#### Work instructions:
Retype the data exactly, from its first line to the line containing "KIA Sorento usata, con Controllo trazione", including both, and skip any picture.
+--
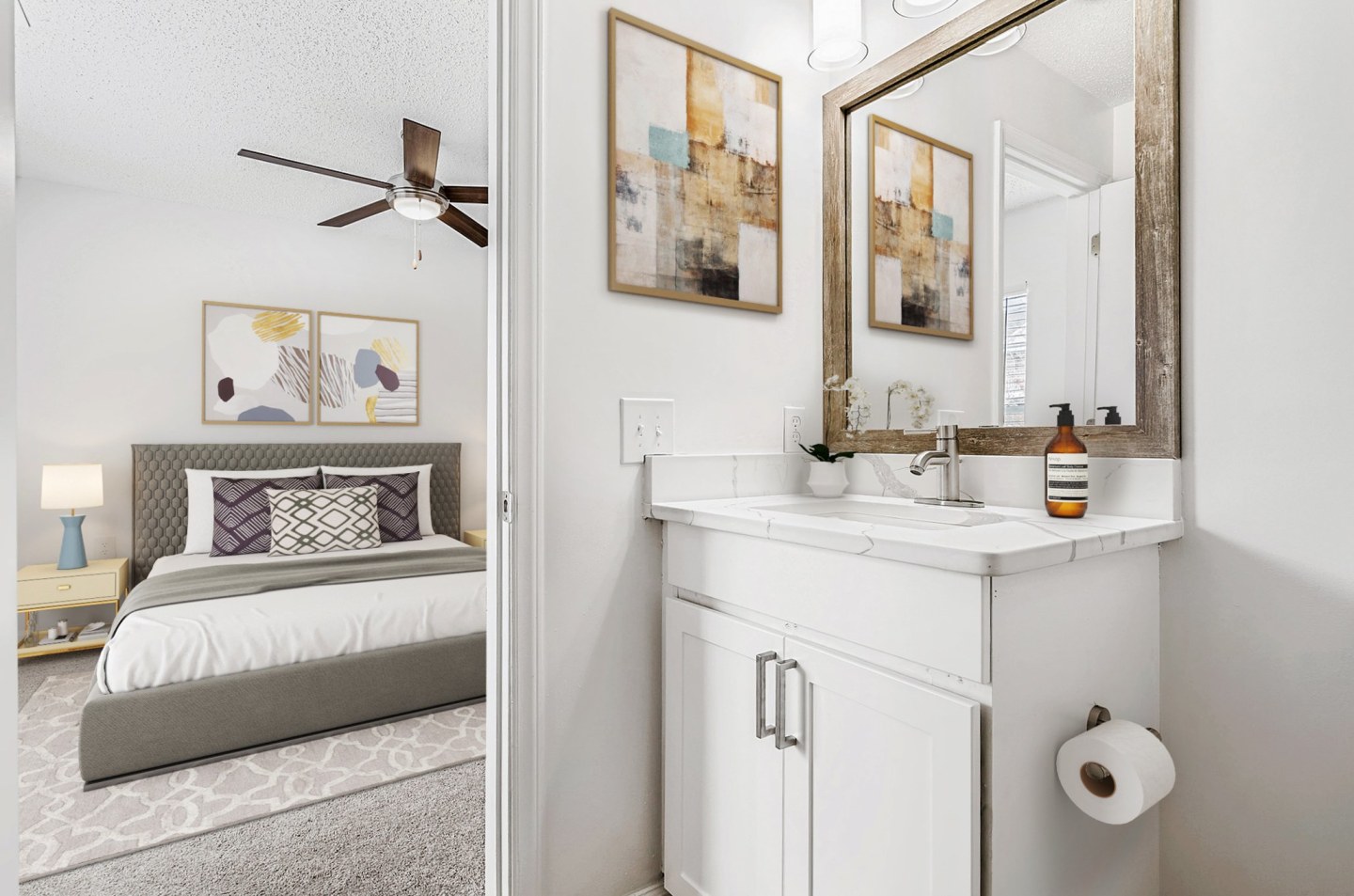 Affordable Housing - The Grayson Apartment Homes Image 23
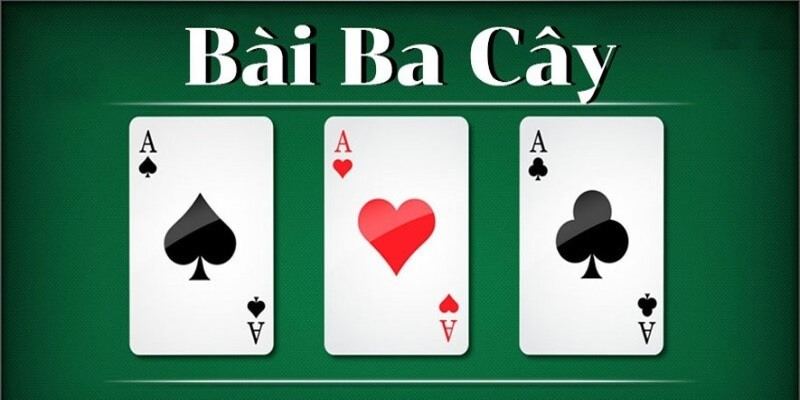 Game Bài 3 Cây Đổi Thưởng - Sảnh Đông Vui, Rút Liền Tay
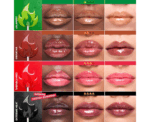 Outrageous Plump Lip Gloss X Tabasco TABASCO RED Sephora Collection - Image 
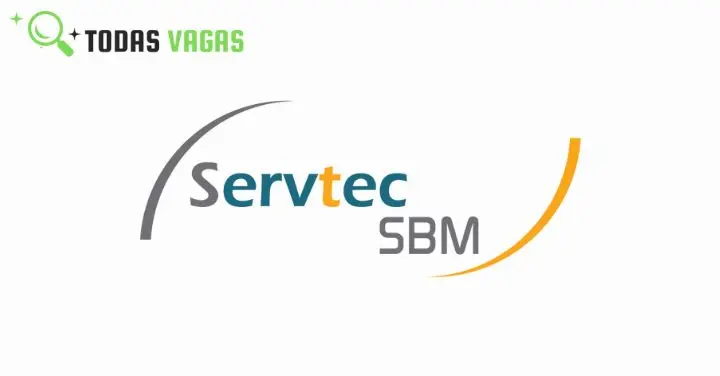 Vaga para (01) Assistente de Serviço ao Cliente na Servtec SBM
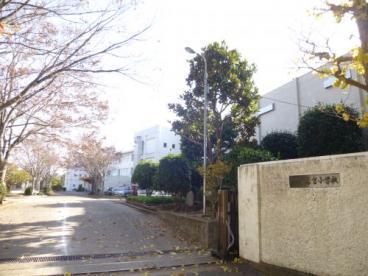 市原市大厩の中古一戸建て(市原市立若宮小学校)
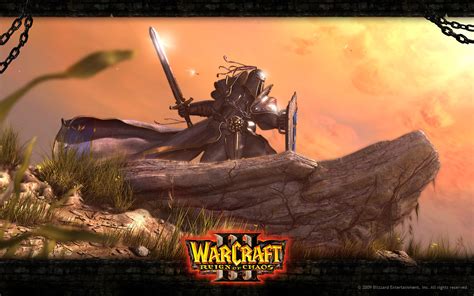 Blizzard Warcraft Iii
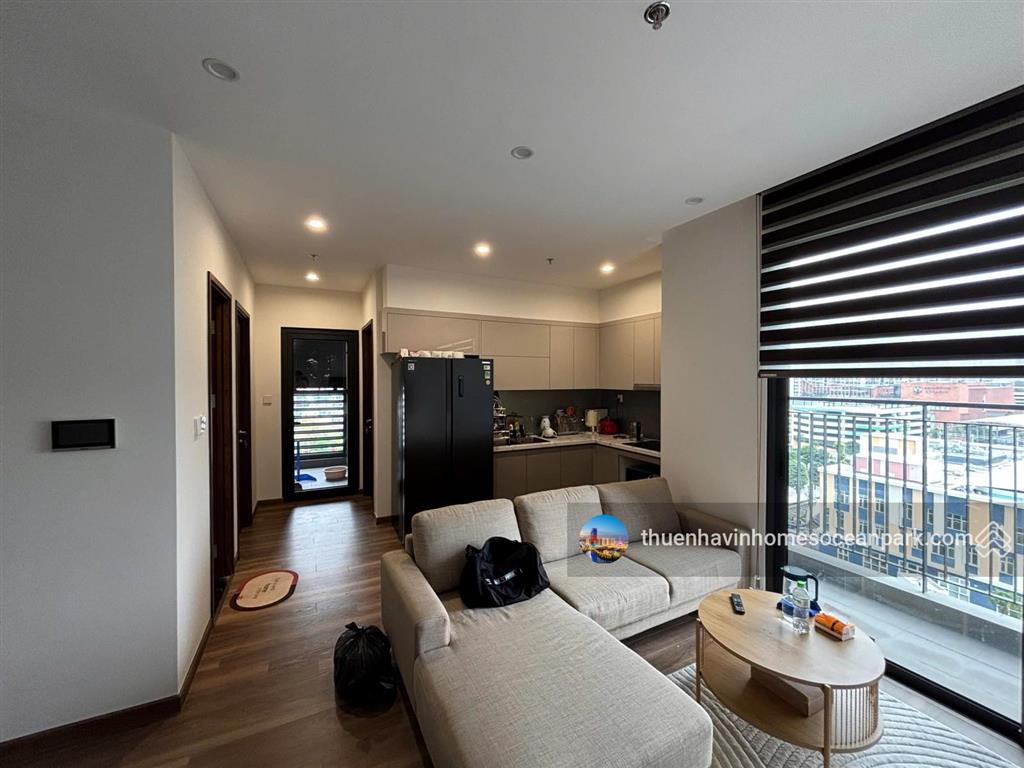 Cho thuê 3pn zurich full đồ, nhà mới, hướng đn view thoáng, sẵn slot ô tô, giá chỉ 15tr/tháng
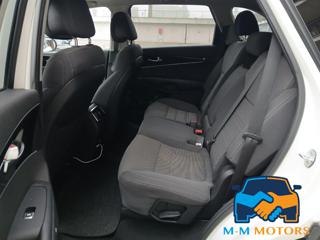 KIA Sorento usata, con Controllo trazione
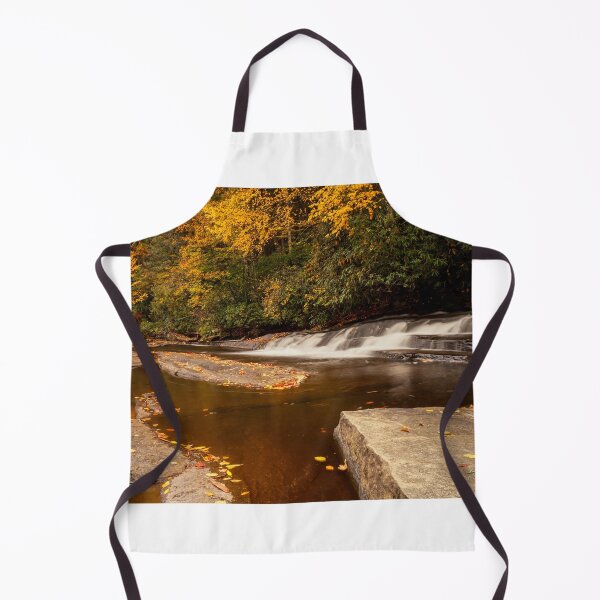 Item preview, Little River Autumn designed and sold by DiFigianoPhoto.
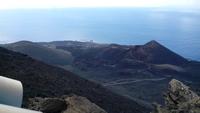 La Palma - Vulkan San Antonio (1)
+--
#### Answer section:
 Affordable Housing - The Grayson Apartment Homes Image 23
 Game Bài 3 Cây Đổi Thưởng - Sảnh Đông Vui, Rút Liền Tay
 Outrageous Plump Lip Gloss X Tabasco TABASCO RED Sephora Collection - Image 
 Vaga para (01) Assistente de Serviço ao Cliente na Servtec SBM
 市原市大厩の中古一戸建て(市原市立若宮小学校)
 Blizzard Warcraft Iii
 Cho thuê 3pn zurich full đồ, nhà mới, hướng đn view thoáng, sẵn slot ô tô, giá chỉ 15tr/tháng
 KIA Sorento usata, con Controllo trazione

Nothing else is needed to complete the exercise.